It’s hard to say if the two youths loitering on the side of Ballona Creek last night were there by coincidence or design.
It could be the pair of punks just happened to be standing around having found something interesting to watch in the waterway beside the section of the bikeway where it passes under the 405. Or it could be that they were there with a darker more predatory purpose.
I offer that second possibility because just this morning riding in to work the section of bikeway had been its usual unobstructed self. But as I biked home last night in the post-seven o’clock dusk that same dip under the freeway where a fellow cyclist was assaulted and robbed last month had strangely become littered with an odd assortment of baseball-sized river rocks.
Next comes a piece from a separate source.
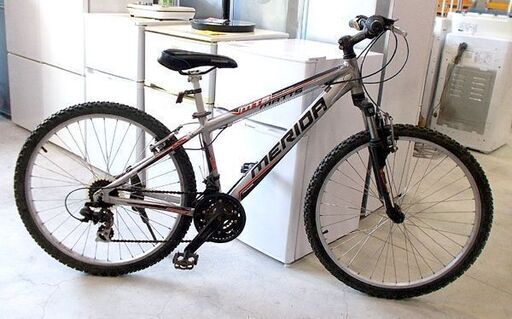 メリダ MTB MATTS XC5 マウンテンバイク 26インチ 3×7速 21速 シルバー MERIDA 自転車 札幌市東区 新道東店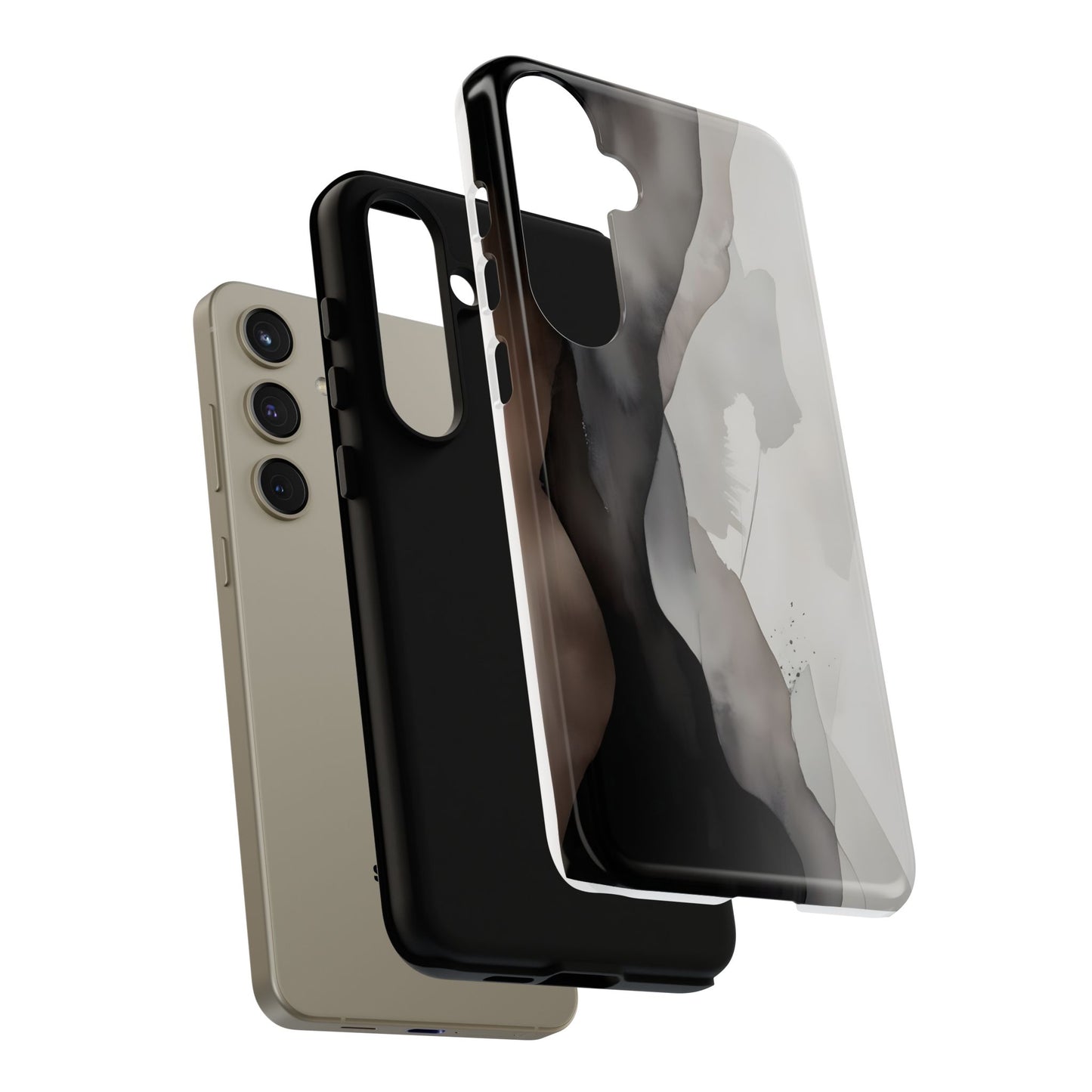 Vertical Abstract Neutral Gradient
I avoided the first couple stones, but at the darkest point where the path briefly bottoms out before inclining back up and out from under the bridge, my front wheel clipped a pretty large one after that and sent it caroming with a crack against the embankment to my left, amplified by the enclosed space. I kept my balance and hissed out a “nice” and on the way up that’s when I passed the duo just out from under the overpass. Immediately I noticed that even though they almost certainly heard the smack of the rock against the concrete and my sarcastic reaction that followed, at best they were looking at me sideways seemingly still interested in the flow of water down the channel.
In the next moment I was beyond them and didn’t give the situation a second thought until I was coming up from under the Sepulveda Boulevard overpass and my front innertube showed itself to be fatally injured no doubt from its direct impact with the rock. With a flat front tire flopping on the rim I pulled over, put Le Noir belly up and commenced swapping in a spare. And in the course of doing so it dawned on me that those rocks may very well have been strategically placed and by those two wastrels in the hopes of potentially downing a cyclist or disabling their bike and pouncing.
My hackles stood at attention and as I reinflated the tube (by the way, it takes 200 cranks of my tire pump to get it up around 100psi) in increasing agitation and indignation I considered going back. I entertained the thought of parading back past the hoodlums, clearing the path of its would-be trap with them looking on in surprise. Of course when they’d object or otherwise attempt to intervene with my safety efforts they’d prove my theory that it was intentional and I would then drown the both of them in the creek and send their carcasses seaward, because in my mind I can be a dark sonofabitch.
In reality, my grateful wife appreciates that I’m far less psychopathically inclined and far more consequence-aware so instead of risking injury or the death penalty I reasoned myself into pedaling onward inland and let the 20-plus mph winds my adrenaline was generating soothe the hair on the back of my neck back down.
It took a few miles for them to go fully flat.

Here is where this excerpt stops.